• **Assigned task**:
Reproduce every line of the material below exactly. No pictures belong in the copy.

• **Entries provided**:
------------------------------------------------

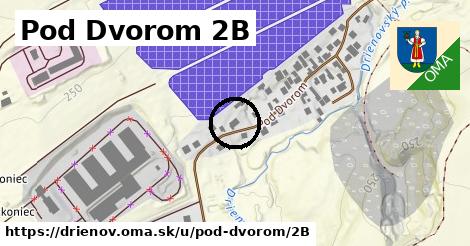 Pod Dvorom 2B, Drienov
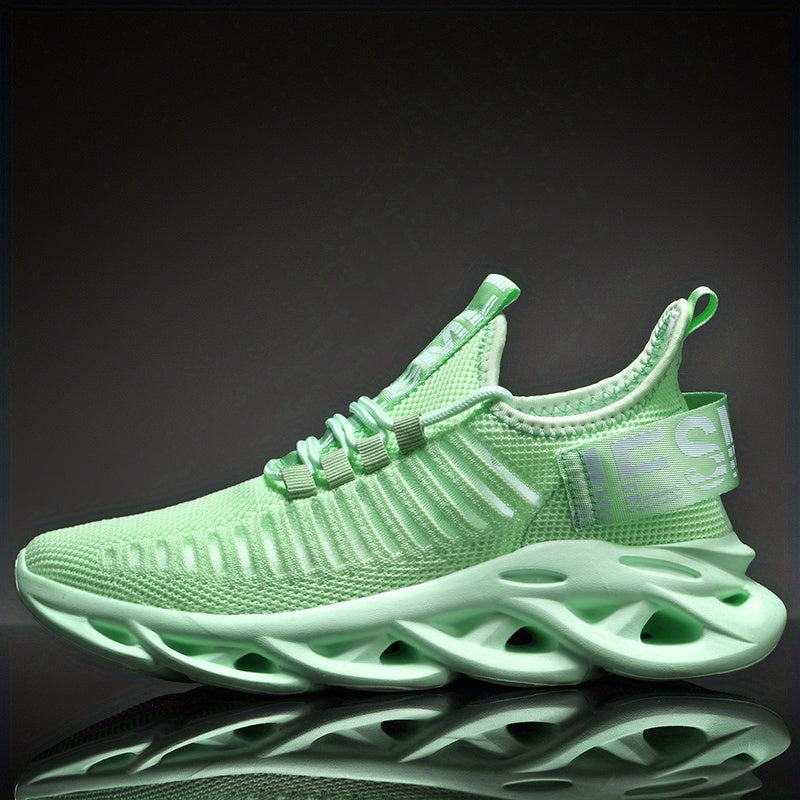 Men's Slip on Blade Sneakers Odor Resistant Athletic Shoes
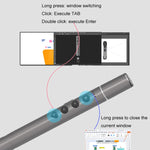 Penna puntatore laser telescopica wireless 21,5 cm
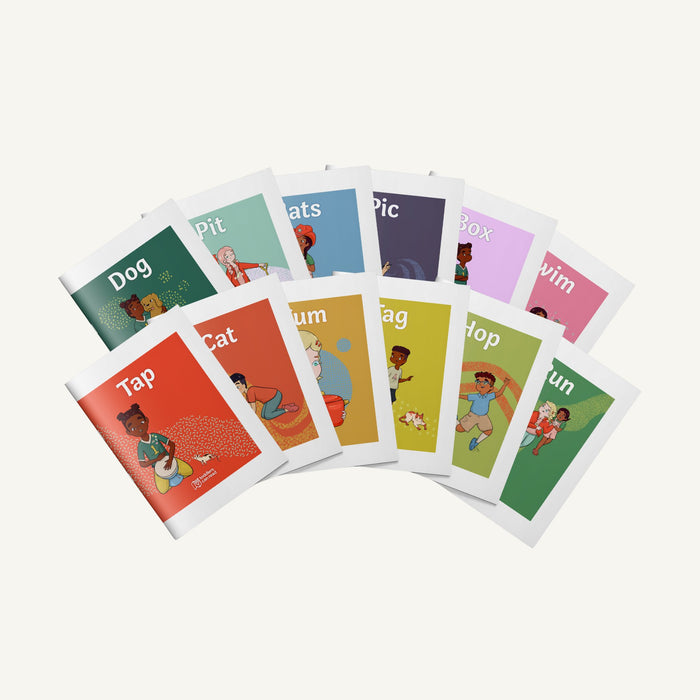Printable Digital Decodable Books (Set 1)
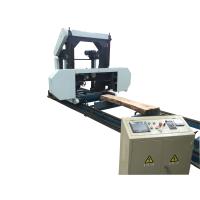 Buy cheap Portable wood cutting band saw sawmill / Lumber saw price portable bandsaw product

------------------------------------------------

• **Result of the exercise**:
 Pod Dvorom 2B, Drienov
 Men's Slip on Blade Sneakers Odor Resistant Athletic Shoes
 Penna puntatore laser telescopica wireless 21,5 cm
Printable Digital Decodable Books (Set 1)
 Buy cheap Portable wood cutting band saw sawmill / Lumber saw price portable bandsaw product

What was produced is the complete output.